I'm really hoping that spaying her won't be too expensive, and that it will help the chewing.

sgocity fucked around with this message at 23:47 on Sep 4, 2007

sgocity
Dec 4, 2006

alucinor posted:

Spaying her will run around $200, most likely. IF you are lucky, you might find a place that does it for $75, but that's uncommon. I pay nearly $200 and that's WITH a rescue discount. Where are you located? I can find you the local HRS branch and you can contact them and see if they have a low-cost S/N program. They might also be able to send a mentor to visit you and to give you some one-on-one coaching and advice.

I will PM you my location.

alucinor posted:

Is there a kitchen or other large tiled area you could let her have her out time in? She doesn't need the run of the WHOLE house, a 4'x8' space is plenty big for some laps and some binkies. You could use gates to confine her although you may need to run a wall of grids along the baseboards to prevent her from tasting the cupboards.

Unfortunately the only tiled spaces are the kitchen and the bathroom. My bathroom isn't big enough for her cage. My kitchen is big enough for her cage (barely), but the cage would have to go next to the washer and dryer, so I was thinking that probably wouldn't be a good place for it.

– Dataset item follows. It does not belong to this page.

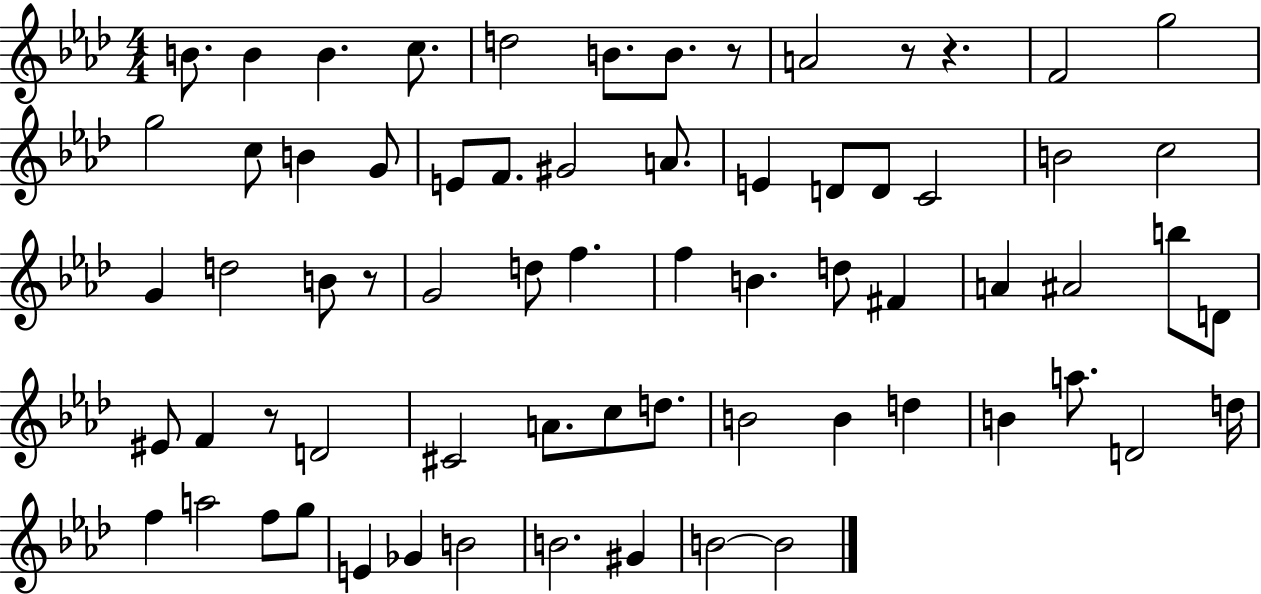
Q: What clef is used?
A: treble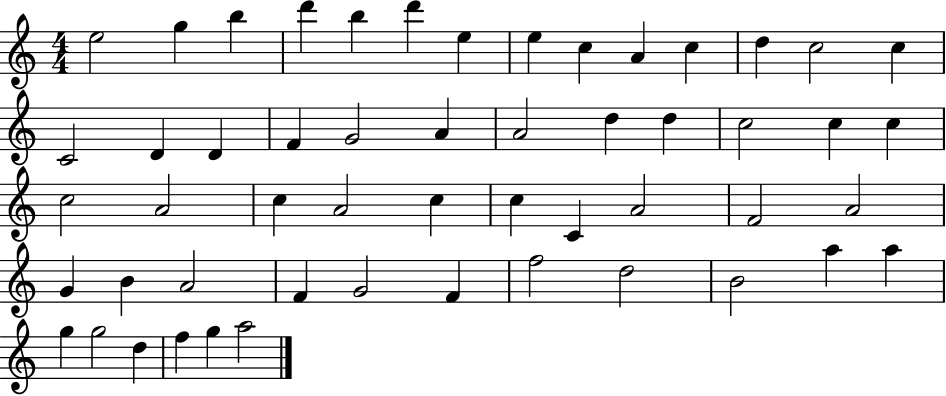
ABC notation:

I suppose I could keep her cage in my living room and then when I'm not using the washer/dryer I could try to herd her into the kitchen and then put up a baby gate or something. But that doesn't sound like that good of a plan. She's not all that easy to herd (I've tried), and like most rabbits she hates being picked up.

alucinor posted:

I'm not going to yell at you for not doing more research, but I'll use this as an opportunity to yell at all the lurkers who are being overwhelmed by the fuzzy pictures and are thinking about a rabbit of their own. Rabbits are DIFFICULT pets. They ALWAYS cause problems - behavioral, financial, hygenic, medical, or social. Turn images off, read this drat thread top to bottom and pay attention to the horror stories. Then find a rescue who will tell you the truth about living with a rabbit, will provide ongoing mentoring and support, and will provide a promise to take her back and rehome her if it doesn't work out.

I agree with this. I might not have mentioned in my other post, but I have had rabbits before, so I knew to an extent what I was getting myself into. My other rabbits weren't nearly as destructive though, and I owned them when I lived at home with my family, so expenses were less of a concern, plus we had a big tiled mudroom where we could keep them.

About the "find a rescue who will tell you the truth about living with a rabbit" thing. I know now that the humane society I adopted Delilah not only didn't tell me the things I needed to know, but also told me flat out WRONG information, but I didn't know that at the time. If I had known enough about rabbits to know that they were giving me wrong information, I wouldn't have been asking them for information in the first place.

I guess it would have been better to rely on the humane society as a supplementary source of knowledge - to do research on my own as well as talking to them. *sigh* Live and learn.

Also: they gave me three days to decide if I wanted to take Delilah back. But it took her more than that just to get used to her surroundings, and she didn't start exhibiting a lot of her behaviors until after that.